#### [REQUIREMENT]
Repeat the listing below exactly from the line with "YONEX Racket Grip, Sticky" through its last line. Skip every picture.

#### [PROVIDED ENTRIES]
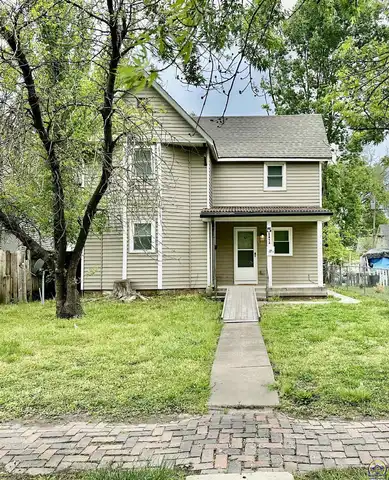 511 SW Buchanan ST, Topeka, KS 66606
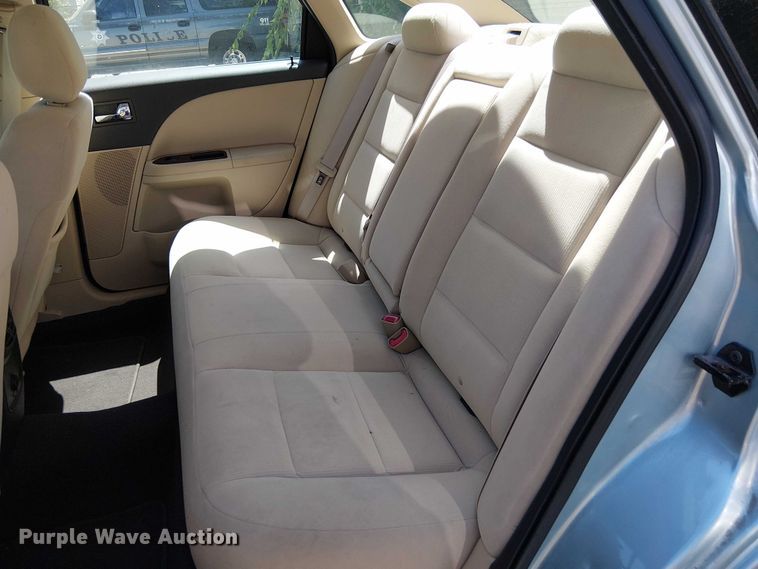 image for item EG8569 2009 Ford Taurus 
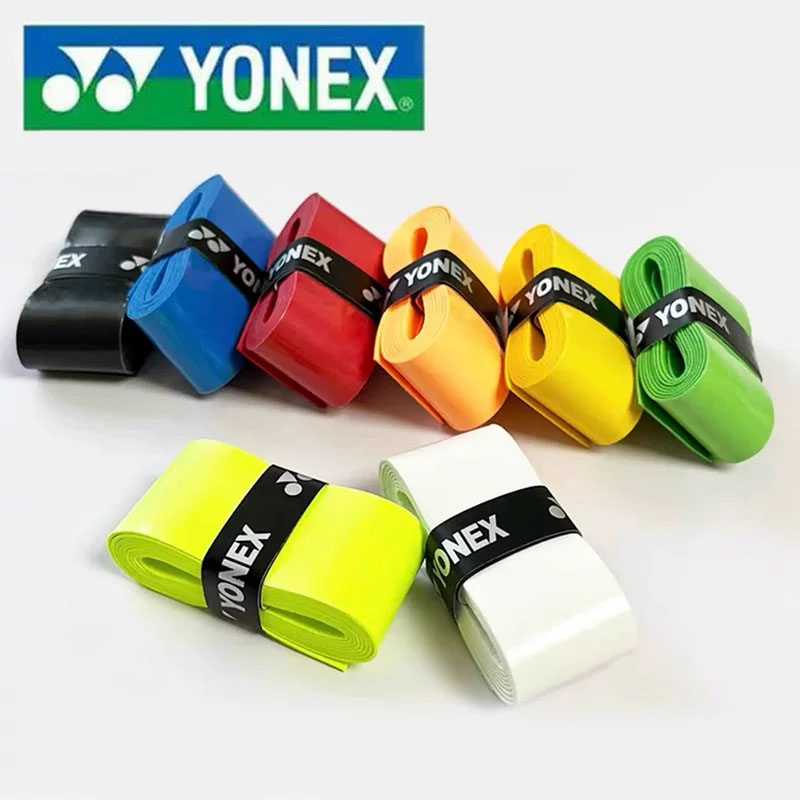 YONEX Racket Grip, Sticky Badm - Tennis Racket review and price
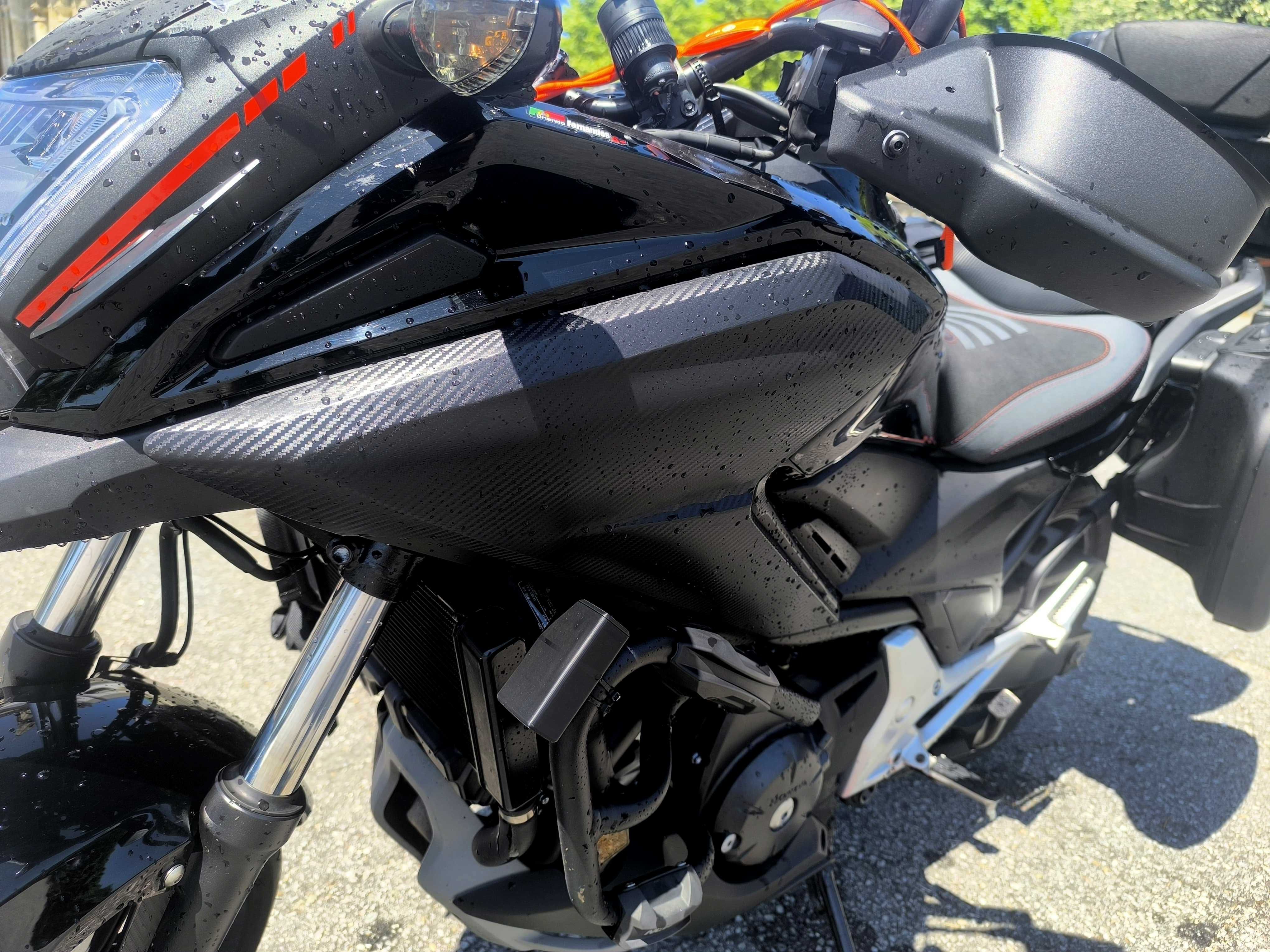 Honda NC 750X DCT – 35.000 km – 7.100€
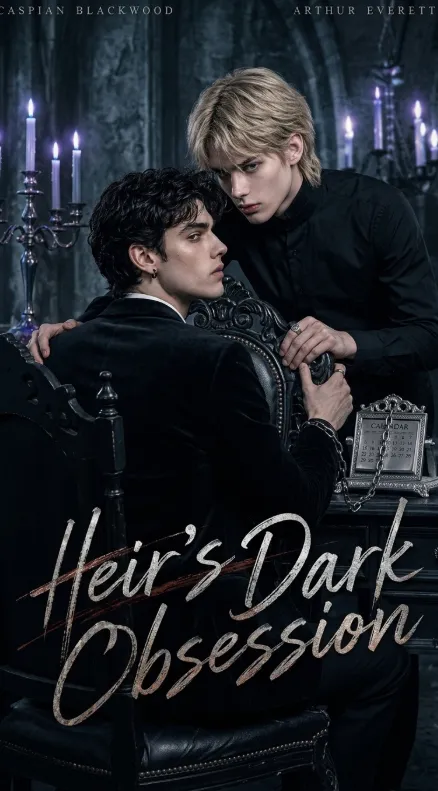 Heir's Dark Obsession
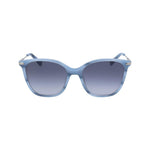 Longchamp Blue Acetate Sunglasses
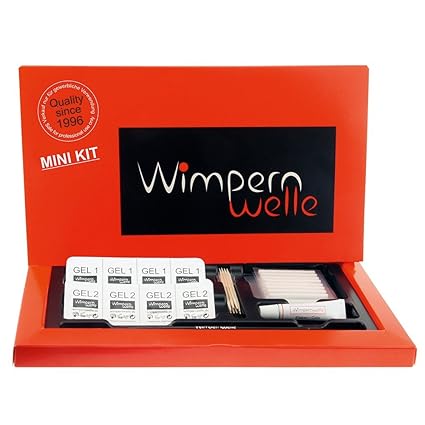 Wimpernwelle MINI KIT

#### [WRITTEN RESPONSE]
 YONEX Racket Grip, Sticky Badm - Tennis Racket review and price
 Honda NC 750X DCT – 35.000 km – 7.100€
 Heir's Dark Obsession
 Longchamp Blue Acetate Sunglasses
 Wimpernwelle MINI KIT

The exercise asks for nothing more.